Andreas Geiger is a full professor at the University of Tübingen and a group leader at the Max Planck Institute for Intelligent Systems. Prior to this, he was a visiting professor at ETH Zürich and a research scientist in the Perceiving Systems department of Dr. Michael Black at the MPI-IS. He studied at KIT, EPFL and MIT and received his PhD degree in 2013 from the Karlsruhe Institute of Technology. His research interests are at the intersection of 3D reconstruction, 3D motion estimation and visual scene understanding with a particular focus on integrating rich prior knowledge and deep learning for improving perception in intelligent systems. In 2012, he has published the KITTI vision benchmark suite which has become one of the most influential testbeds for evaluating stereo, optical flow, scene flow, detection, tracking, motion estimation and segmentation algorithms. His work on stereo reconstruction and optical flow estimation is ranked amongst the top-performing methods in several international competitions. His work has been recognized with several prizes, including the IEEE PAMI Young Investigator Award, the Heinz Maier Leibnitz Prize of the German Science Foundation DFG, the German Pattern Recognition Award, the Ernst-Schoemperlen Award and the KIT Doctoral Award. In 2013, he received the CVPR best paper runner up award for his work on probabilistic visual self-localization.
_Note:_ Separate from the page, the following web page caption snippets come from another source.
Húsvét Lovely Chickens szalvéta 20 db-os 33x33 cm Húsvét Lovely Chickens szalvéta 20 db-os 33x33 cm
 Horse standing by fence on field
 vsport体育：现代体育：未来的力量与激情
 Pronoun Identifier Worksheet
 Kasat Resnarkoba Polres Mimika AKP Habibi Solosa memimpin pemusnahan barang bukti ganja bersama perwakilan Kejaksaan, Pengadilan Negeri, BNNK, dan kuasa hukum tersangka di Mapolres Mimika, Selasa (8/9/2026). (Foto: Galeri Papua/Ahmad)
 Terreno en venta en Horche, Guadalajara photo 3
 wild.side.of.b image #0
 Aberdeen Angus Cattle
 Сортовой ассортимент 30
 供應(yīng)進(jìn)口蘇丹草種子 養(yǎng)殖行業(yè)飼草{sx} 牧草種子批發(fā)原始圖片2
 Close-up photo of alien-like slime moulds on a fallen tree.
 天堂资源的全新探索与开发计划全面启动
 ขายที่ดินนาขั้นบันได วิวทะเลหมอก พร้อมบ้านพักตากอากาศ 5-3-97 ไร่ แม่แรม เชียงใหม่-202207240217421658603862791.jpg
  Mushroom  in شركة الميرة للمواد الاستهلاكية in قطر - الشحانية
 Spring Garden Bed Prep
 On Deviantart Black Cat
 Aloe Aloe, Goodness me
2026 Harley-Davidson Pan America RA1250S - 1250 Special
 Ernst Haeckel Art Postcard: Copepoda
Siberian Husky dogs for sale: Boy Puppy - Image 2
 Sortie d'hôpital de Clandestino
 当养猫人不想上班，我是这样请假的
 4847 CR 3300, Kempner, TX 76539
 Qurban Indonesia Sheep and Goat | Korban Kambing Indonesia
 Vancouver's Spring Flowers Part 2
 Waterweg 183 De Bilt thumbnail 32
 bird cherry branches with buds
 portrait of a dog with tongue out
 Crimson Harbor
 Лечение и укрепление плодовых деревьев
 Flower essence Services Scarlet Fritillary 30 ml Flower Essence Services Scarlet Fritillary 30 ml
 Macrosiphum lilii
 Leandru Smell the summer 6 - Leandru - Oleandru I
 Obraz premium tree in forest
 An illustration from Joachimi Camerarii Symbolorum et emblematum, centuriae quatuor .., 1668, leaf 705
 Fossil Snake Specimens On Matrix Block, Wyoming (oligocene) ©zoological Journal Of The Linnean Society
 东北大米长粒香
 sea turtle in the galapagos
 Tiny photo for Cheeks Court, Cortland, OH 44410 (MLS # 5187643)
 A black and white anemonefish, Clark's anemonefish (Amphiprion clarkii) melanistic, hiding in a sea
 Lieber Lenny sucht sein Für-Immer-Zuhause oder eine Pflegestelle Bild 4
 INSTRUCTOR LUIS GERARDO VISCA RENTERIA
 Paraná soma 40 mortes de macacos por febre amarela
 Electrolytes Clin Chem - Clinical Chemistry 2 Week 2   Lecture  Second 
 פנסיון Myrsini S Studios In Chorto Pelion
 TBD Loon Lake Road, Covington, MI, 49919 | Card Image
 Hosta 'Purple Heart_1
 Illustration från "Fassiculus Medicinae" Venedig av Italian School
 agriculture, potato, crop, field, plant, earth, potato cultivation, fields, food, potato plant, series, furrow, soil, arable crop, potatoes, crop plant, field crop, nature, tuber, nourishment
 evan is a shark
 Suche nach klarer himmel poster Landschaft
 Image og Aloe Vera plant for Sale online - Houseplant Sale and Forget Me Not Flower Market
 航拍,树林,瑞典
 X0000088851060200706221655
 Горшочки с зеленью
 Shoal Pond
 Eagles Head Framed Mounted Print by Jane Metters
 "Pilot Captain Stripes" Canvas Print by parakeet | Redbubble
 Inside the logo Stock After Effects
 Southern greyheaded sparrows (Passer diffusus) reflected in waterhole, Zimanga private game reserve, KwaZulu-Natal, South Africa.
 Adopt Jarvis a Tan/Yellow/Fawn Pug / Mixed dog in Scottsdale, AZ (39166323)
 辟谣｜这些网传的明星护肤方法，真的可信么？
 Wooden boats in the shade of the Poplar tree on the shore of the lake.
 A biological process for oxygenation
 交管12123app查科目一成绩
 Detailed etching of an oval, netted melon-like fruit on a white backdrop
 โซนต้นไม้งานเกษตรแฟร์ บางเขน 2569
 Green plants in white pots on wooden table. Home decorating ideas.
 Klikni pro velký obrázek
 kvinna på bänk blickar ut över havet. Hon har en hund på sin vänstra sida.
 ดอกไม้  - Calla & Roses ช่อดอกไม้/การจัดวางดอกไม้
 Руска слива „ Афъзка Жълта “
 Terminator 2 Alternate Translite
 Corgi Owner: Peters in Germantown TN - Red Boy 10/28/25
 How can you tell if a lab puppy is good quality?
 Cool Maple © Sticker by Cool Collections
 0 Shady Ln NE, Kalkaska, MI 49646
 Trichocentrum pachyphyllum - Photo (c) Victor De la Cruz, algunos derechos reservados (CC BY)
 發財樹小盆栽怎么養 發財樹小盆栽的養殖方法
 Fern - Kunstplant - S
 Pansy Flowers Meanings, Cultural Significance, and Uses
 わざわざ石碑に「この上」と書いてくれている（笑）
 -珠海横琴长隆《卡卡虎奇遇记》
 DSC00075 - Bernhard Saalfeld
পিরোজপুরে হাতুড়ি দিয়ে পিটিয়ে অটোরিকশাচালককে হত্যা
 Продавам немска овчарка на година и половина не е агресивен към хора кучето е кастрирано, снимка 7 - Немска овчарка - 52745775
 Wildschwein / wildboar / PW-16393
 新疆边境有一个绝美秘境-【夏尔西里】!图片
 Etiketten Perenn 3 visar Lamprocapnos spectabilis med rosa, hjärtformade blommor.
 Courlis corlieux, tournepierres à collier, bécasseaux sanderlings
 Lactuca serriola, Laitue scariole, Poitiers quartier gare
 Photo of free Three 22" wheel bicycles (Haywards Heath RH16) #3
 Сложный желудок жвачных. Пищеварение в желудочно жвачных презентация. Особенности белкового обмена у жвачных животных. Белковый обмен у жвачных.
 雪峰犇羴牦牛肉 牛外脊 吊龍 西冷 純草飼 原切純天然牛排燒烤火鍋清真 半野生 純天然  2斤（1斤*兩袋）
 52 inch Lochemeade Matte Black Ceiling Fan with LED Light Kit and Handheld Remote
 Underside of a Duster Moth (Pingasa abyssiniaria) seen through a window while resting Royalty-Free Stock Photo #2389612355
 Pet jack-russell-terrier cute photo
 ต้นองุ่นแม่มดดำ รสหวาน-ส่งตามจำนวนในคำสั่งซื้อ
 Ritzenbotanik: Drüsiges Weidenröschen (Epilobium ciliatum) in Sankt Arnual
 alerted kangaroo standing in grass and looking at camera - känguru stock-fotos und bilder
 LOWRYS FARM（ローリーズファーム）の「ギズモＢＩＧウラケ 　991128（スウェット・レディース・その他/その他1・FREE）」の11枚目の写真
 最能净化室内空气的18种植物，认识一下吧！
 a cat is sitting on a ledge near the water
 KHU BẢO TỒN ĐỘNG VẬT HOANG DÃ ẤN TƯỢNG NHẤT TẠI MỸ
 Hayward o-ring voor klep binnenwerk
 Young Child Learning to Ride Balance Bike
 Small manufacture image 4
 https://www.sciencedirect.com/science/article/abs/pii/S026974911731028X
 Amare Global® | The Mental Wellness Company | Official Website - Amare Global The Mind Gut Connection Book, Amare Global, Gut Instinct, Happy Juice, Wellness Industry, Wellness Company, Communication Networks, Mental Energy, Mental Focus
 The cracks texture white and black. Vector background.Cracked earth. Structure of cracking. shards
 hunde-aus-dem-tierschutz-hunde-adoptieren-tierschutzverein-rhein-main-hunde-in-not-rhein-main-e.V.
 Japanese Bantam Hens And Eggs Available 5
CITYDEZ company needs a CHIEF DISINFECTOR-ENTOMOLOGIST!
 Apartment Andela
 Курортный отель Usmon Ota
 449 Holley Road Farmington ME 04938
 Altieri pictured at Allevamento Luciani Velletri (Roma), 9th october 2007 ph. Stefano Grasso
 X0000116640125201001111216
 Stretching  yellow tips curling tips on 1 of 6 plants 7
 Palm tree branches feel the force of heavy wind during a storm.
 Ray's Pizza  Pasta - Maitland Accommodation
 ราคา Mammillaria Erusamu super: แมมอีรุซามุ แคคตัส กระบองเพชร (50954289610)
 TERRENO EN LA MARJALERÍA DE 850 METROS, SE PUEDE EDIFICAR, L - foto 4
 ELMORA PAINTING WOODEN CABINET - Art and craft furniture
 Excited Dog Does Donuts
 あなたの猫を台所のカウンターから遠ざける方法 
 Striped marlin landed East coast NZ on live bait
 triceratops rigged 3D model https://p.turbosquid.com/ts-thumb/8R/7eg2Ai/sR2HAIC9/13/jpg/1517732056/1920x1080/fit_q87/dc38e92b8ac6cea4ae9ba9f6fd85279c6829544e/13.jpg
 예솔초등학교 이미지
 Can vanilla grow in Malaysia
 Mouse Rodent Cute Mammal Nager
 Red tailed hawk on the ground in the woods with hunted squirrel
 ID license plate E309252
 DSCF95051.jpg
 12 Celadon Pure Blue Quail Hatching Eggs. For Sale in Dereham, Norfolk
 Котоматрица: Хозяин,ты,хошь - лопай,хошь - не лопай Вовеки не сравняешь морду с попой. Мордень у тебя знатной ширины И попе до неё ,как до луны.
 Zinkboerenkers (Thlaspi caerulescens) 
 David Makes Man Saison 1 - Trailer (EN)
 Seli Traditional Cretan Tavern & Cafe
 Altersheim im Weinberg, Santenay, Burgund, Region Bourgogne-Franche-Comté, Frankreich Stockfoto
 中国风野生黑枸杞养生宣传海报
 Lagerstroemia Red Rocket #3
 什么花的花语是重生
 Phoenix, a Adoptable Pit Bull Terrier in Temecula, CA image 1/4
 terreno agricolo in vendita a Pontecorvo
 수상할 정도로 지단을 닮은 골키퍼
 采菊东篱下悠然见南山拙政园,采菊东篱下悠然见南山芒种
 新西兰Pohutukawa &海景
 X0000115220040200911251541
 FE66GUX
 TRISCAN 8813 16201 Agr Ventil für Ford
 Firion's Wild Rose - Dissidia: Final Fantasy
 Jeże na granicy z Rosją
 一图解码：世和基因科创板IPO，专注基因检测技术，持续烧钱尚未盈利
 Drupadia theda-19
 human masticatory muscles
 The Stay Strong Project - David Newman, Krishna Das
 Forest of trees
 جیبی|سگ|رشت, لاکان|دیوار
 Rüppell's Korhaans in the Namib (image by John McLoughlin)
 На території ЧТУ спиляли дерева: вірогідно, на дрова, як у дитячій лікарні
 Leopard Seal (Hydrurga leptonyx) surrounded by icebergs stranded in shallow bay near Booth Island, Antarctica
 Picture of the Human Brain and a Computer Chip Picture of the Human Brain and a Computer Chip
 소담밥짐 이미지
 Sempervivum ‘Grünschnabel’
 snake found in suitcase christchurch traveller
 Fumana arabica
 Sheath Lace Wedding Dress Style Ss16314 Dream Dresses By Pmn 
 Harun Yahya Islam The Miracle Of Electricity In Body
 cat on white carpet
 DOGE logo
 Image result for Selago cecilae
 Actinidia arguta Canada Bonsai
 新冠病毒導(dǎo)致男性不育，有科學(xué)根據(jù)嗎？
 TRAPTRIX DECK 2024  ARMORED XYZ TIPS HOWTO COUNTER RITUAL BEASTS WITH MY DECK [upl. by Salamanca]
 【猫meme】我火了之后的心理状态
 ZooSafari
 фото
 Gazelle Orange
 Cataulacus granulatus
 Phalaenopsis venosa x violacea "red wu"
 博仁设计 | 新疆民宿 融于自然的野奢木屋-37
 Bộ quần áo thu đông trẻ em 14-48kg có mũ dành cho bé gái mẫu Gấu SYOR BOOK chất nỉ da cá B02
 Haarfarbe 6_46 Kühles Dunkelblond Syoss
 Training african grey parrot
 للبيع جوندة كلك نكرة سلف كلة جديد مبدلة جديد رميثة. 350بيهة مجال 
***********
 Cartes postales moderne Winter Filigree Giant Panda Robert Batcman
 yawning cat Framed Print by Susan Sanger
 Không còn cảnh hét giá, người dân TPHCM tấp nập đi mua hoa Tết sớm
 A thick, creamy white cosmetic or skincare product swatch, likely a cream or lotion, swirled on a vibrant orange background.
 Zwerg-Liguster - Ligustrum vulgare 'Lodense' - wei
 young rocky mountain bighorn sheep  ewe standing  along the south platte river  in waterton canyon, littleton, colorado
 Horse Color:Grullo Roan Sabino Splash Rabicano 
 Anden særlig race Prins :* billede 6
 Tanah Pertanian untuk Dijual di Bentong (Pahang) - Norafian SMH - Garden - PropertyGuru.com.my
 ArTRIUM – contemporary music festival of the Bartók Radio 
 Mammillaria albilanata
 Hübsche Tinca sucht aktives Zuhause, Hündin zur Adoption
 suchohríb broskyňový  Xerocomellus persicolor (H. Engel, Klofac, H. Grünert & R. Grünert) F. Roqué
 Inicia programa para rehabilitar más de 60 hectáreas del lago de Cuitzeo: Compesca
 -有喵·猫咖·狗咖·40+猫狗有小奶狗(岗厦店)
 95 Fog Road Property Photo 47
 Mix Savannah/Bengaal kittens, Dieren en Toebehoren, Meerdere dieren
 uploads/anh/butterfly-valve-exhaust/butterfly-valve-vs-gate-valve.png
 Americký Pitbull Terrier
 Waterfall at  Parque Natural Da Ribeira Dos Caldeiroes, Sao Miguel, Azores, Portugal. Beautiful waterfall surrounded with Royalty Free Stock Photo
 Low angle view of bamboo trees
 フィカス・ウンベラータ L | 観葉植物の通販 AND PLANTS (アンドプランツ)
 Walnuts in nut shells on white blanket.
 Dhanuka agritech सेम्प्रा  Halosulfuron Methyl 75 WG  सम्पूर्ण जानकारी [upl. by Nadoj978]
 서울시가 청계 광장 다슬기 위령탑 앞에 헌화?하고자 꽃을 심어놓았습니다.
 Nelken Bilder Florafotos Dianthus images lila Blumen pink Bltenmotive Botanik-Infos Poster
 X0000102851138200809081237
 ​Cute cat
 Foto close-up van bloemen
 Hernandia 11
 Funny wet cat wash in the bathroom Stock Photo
He also received the best paper award at GCPR 2015 and 3DV 2015 as well as the best student paper award at 3DV 2017. He is an associate member of the Max Planck ETH Center for Learning Systems and the International Max Planck Research School for Intelligent Systems, and serves as an area chair and associate editor for several computer vision conferences and journals (CVPR, ICCV, ECCV, PAMI, IJCV).